Wanneer men denkt dat er iets opspeelt bij het hart zoals een hartritmestoornis dan hoeft men niet meteen het ergste te denken, want vaak is er niks aan de hand, maar toch de moeite waard om gerustgesteld te worden. Men kan bijvoorbeeld last hebben van hartoverslagen. Dit betekent dat het hart een slag overslaat (dus niet dat men een hartritmestoornis heeft) en over het algemeen kan dit weinig tot geen kwaad.
De oorzaken van de hartritmestoornissen kunnen dus erg divers zijn en men kan hierbij denken aan oorzaken zoals: een doorgemaakt hartinfarct, een schildklier die te snel werkt, ouderdom, hartziekten, hartfalen, een hartoperatie, een aangeboren afwijking of het gebruik van stoffen die de werking van het hart negatief beïnvloeden zoals: tabak, alcohol, drugs en medicijnen.

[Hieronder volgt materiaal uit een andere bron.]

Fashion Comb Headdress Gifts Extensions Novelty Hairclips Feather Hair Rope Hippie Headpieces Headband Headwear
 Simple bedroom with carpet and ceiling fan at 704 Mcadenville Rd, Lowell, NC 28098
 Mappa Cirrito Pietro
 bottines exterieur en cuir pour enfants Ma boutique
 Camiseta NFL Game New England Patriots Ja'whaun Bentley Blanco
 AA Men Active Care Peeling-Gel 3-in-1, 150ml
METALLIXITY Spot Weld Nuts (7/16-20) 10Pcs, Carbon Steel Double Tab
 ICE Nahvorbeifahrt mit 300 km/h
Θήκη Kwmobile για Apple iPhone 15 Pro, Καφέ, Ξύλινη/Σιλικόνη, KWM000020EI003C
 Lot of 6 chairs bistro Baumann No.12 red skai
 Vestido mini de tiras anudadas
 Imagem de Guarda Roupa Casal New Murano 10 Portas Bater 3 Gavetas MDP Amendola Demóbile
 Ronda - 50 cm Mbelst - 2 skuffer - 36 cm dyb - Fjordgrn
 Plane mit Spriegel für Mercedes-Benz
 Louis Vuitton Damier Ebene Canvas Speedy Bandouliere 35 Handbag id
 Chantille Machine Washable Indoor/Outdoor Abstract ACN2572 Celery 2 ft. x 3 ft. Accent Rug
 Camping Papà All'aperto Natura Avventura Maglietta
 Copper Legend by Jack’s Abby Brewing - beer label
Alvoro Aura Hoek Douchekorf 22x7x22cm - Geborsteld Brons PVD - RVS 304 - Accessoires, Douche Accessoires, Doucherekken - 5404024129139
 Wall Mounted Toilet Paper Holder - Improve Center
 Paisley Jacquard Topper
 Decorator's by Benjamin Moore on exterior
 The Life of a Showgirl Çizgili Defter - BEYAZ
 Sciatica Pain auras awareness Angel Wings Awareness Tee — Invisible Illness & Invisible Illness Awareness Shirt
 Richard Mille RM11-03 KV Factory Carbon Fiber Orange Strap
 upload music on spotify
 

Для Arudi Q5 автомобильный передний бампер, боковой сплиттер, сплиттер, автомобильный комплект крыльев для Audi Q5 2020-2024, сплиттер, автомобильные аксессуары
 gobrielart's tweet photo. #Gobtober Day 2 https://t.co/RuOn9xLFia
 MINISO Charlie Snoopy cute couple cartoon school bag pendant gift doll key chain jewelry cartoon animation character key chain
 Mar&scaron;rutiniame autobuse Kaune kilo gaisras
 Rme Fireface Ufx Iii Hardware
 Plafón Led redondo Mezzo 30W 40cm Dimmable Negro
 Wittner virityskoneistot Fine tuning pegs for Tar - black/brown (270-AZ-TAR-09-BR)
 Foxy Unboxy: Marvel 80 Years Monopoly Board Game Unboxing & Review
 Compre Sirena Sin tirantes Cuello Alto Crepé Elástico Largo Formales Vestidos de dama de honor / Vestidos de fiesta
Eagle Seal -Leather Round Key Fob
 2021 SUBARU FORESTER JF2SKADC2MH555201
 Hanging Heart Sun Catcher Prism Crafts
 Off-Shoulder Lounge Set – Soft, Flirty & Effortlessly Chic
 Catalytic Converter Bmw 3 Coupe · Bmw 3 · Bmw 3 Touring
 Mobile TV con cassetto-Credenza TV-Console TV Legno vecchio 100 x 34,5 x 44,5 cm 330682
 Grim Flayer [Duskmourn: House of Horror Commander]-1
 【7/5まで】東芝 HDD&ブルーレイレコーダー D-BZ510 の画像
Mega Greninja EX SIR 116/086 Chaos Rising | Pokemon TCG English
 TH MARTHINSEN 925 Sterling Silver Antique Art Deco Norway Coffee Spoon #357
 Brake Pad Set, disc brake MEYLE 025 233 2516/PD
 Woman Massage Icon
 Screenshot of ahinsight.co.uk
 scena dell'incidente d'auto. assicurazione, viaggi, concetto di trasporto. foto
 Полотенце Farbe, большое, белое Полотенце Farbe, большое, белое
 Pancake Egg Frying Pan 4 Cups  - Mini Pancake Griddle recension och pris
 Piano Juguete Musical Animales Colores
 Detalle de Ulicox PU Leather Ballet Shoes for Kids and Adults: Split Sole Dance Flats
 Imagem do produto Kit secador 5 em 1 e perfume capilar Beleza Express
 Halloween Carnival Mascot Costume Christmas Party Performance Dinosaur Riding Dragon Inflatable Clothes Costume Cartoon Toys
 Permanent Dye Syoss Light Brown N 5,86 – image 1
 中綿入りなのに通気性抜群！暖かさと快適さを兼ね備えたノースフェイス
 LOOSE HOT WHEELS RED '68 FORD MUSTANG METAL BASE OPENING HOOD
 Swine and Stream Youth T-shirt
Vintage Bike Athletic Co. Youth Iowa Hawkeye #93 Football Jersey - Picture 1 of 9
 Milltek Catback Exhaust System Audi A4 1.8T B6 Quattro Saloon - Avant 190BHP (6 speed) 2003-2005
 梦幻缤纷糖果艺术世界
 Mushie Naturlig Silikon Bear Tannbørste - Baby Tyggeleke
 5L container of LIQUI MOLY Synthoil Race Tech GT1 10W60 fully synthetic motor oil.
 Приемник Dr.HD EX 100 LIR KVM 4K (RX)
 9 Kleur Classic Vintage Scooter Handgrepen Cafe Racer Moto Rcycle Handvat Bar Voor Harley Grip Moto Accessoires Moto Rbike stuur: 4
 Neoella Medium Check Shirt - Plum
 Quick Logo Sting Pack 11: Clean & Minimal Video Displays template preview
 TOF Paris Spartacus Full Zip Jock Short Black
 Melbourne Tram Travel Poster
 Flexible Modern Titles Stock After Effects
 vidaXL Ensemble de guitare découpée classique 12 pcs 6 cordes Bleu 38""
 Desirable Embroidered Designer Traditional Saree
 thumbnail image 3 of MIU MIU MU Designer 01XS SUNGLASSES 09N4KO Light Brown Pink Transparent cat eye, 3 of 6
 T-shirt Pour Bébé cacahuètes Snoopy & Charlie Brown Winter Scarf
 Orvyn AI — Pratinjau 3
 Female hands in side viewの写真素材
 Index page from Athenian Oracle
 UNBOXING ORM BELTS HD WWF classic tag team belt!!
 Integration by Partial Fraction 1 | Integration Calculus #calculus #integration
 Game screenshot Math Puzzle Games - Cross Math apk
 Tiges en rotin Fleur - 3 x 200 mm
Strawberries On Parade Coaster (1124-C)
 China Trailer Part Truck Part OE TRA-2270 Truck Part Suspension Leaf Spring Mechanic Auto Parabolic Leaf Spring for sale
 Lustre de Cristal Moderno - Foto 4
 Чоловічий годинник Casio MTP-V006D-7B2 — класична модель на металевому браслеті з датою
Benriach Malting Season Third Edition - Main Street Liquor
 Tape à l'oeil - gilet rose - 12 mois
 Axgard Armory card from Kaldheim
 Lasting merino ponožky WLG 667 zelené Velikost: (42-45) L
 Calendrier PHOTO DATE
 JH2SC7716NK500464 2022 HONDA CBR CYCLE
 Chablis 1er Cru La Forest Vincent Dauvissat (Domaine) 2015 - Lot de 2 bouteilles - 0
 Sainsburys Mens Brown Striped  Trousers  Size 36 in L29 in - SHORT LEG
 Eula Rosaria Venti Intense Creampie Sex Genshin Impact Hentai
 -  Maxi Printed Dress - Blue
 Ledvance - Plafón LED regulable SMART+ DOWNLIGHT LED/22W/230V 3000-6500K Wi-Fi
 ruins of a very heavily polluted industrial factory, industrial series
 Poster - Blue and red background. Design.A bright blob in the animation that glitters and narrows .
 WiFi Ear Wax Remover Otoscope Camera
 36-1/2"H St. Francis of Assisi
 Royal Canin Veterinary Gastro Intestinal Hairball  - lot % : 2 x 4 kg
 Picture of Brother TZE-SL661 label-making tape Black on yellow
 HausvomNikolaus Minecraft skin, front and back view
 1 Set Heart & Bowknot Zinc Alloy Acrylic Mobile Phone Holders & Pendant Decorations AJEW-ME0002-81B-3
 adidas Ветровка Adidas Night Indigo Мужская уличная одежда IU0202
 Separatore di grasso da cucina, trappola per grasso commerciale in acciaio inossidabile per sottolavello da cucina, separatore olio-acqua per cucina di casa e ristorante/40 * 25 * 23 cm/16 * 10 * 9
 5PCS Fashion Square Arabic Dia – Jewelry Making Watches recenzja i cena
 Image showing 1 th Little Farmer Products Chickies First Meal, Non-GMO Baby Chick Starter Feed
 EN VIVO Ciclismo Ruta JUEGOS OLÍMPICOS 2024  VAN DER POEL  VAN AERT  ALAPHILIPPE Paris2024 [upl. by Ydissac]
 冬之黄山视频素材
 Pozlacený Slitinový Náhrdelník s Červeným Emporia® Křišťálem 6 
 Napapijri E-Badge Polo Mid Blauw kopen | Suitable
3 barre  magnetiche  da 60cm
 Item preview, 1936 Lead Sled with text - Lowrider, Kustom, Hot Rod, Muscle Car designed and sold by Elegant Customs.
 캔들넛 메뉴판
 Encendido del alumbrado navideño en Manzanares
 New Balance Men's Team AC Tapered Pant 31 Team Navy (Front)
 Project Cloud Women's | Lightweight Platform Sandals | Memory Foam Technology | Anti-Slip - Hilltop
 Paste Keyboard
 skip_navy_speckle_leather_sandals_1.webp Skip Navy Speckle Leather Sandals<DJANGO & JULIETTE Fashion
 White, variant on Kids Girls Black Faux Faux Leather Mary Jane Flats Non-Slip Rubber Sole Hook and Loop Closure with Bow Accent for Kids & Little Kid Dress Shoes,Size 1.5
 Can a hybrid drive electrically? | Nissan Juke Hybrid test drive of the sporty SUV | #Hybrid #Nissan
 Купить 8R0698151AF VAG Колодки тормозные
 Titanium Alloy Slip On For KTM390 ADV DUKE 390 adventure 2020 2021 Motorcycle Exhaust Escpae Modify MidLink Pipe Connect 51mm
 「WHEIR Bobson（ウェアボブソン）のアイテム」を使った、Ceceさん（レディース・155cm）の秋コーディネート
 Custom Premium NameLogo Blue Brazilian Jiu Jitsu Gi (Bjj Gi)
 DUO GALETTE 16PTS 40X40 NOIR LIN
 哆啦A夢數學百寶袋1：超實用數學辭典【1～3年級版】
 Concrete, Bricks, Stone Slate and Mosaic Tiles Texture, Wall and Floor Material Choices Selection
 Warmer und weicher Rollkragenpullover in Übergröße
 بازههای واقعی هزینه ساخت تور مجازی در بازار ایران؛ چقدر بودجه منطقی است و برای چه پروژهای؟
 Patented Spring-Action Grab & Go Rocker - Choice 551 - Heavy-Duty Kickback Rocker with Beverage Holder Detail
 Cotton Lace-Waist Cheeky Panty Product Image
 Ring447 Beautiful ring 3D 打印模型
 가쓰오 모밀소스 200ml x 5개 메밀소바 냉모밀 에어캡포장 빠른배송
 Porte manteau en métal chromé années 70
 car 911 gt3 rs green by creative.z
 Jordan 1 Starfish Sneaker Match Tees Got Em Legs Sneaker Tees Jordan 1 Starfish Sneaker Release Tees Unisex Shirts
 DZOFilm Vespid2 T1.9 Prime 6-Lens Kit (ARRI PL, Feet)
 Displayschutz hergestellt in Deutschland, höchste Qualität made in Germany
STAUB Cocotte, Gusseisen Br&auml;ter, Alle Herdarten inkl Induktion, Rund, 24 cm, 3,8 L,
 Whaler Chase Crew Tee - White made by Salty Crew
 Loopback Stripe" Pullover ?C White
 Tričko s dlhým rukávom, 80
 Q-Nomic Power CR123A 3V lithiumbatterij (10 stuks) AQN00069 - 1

Wanneer de oorzaak bekend is dan pas kan de arts handelen, want bij iedere oorzaak hoort een andere behandeling. Bij de behandeling die te maken heeft met een afwijking in het patroon van de werking van de schildklier, voornamelijk als deze te hard werkt dan zal de arts de schildklier moeten aanpakken. Ook wanneer er sprake is van een veranderd bloedbeeld, bloedarmoede, dan zal de arts hierna handelen. Wanneer dit is gebeurt dan zullen de stoornissen aan het hart vanzelf ophouden. Daarom wordt er bij de behandeling als eerst bloed geprikt om deze twee vormen uit te sluiten. Wanneer dit niet het geval mocht zijn dan gaat het onderzoek verder en zal de arts tot een andere conclusie komen. De behandeling van de andere vormen bestaat uit: bevriezen of wegbranden van weefsel voor een normaal hartritme, medicinaal of chirurgisch oplossen, ICD, pacemaker of een maze-procedure.